Sunday Homily (Full Text)

Sunday Homily


Gospel                Matthew 17:1-9

Jesus took Peter, James, and John his brother,

and led them up a high mountain by themselves.

And he was transfigured before them;

his face shone like the sun

and his clothes became white as light.

And behold, Moses and Elijah appeared to them,

conversing with him.

Then Peter said to Jesus in reply,

“Lord, it is good that we are here.

If you wish, I will make three tents here,

one for you, one for Moses, and one for Elijah.”

While he was still speaking, behold,

a bright cloud cast a shadow over them,

then from the cloud came a voice that said,

“This is my beloved Son, with whom I am well pleased;

listen to him.”

When the disciples heard this, they fell prostrate

and were very much afraid.

But Jesus came and touched them, saying,

“Rise, and do not be afraid.”

And when the disciples raised their eyes,

they saw no one else but Jesus alone.


As they were coming down from the mountain,

Jesus charged them,

“Do not tell the vision to anyone

until the Son of Man has been raised from the dead.”



If I were to come up to everyone here and hand you a microphone and ask you three questions, I am sure you could answer the first two questions within a few seconds.  The third question you might think about. 


For those of you who are married, the first two questions are:  What is the date of your marriage, and where did you get married?  For myself, the first two questions are, what is the date of your ordination and where were you ordained?  For others I would just ask, what year did you graduate from high school and from what school?


Now the third question:  How has your marriage changed your life?  How has my ordination changed my life?  How did the school that you attended change your life?


When you begin to delve into those questions, you begin to realize that when Peter, James and John went up the mountain and when they saw Moses and Eliza they saw God saying to them,  “OK, you guys.  This is the law and the prophets.  This is what you call the Bible.  This is what we call Scripture.  Is your life changed every time you read it?”


You and I are very much like Peter.  “Ah, it’s a good feeling.  Let’s do something right now!”


And God says,  “Don’t act too fast.  I have something planned for you for the rest of your life.”

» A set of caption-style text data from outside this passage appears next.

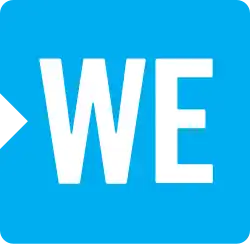 Logo von WE Charity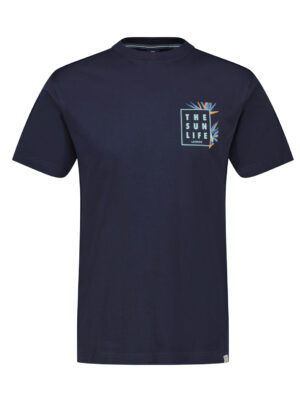 LERROS T-shirt met Rugprint - 2453069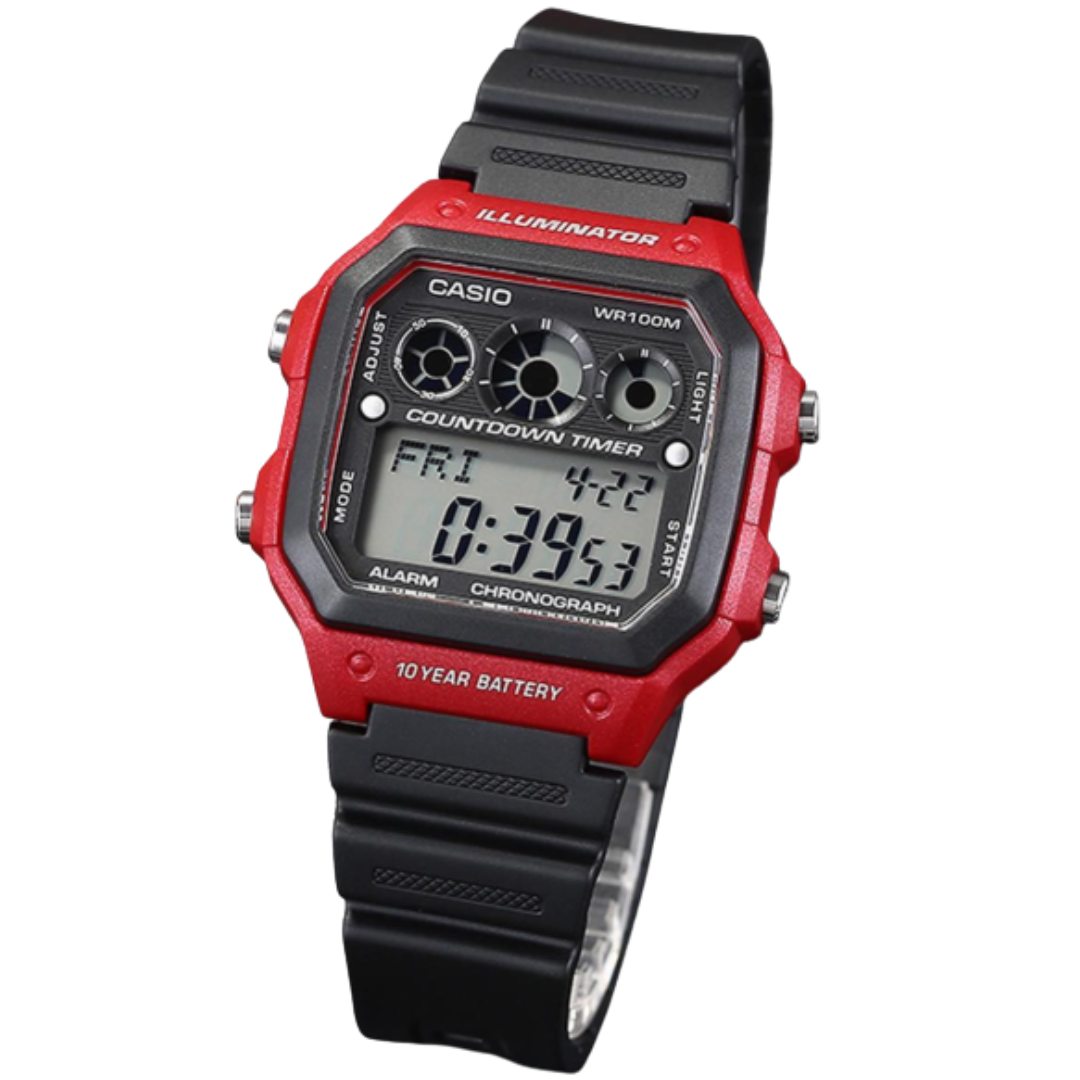 Reloj Casio AE-1300WH-4AV Hombre - Digital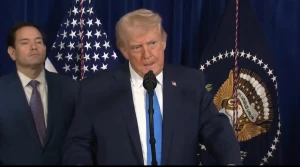 بالفيديو.. ترامب: ثروة فنزويلا النفطية ستذهب جزئياً كتعويض للولايات المتحدة عن الأضرار التي سببتها لأمريكا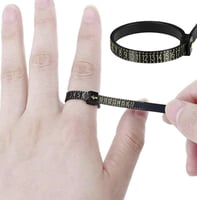 خاتم فضه ملكي فصين بالجوانب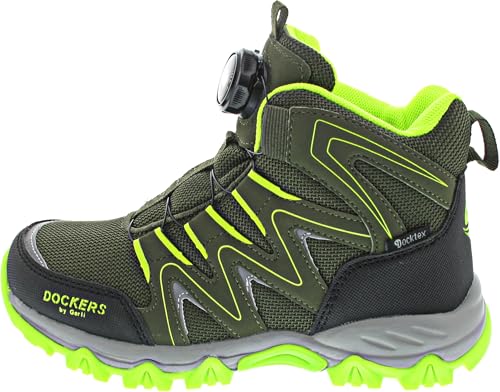 Dockers by Gerli 51TT701 Stiefelette, Khaki, 33 EU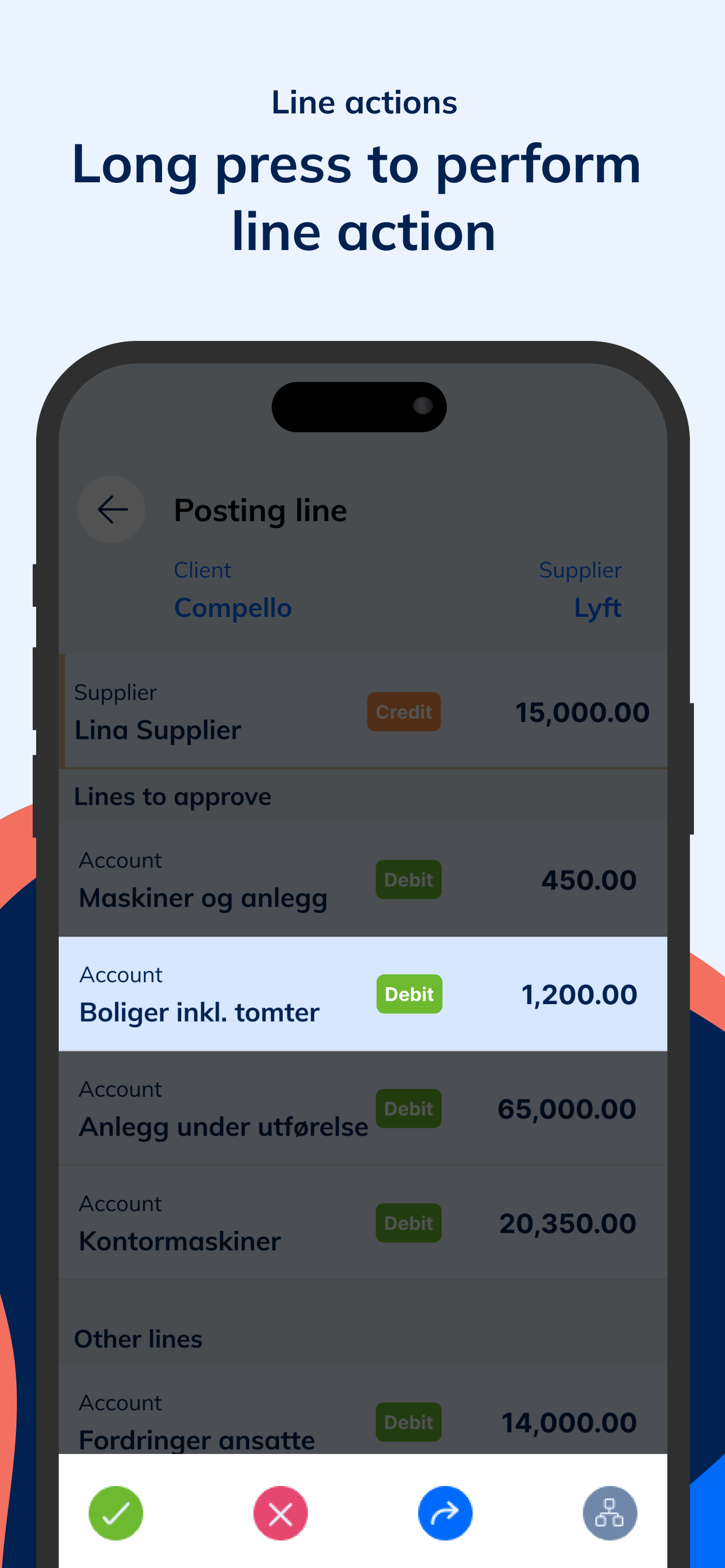 Visma Advanced Workflow screenshot 5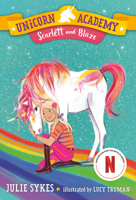 Unicorn Academy: Scarlett and Blaze 1984850857 Book Cover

And then, all of a sudden we hold back. 


But what the three disciples found out, when it was all said and done, it was just Peter, James and John with Jesus.  And this Jesus guy they had been hanging out with isn’t just anybody you hang out with — he is the Son of God.  He made a difference in their lives.  He’s made a difference in our lives. 


Peter, James and John could remember when Jesus first said to them,  “Come follow me.”  They heard his voice with their hearts, but they had no idea what they were getting into.  When Jesus calls, and he’s asking us to listen — what takes place is an experience of love.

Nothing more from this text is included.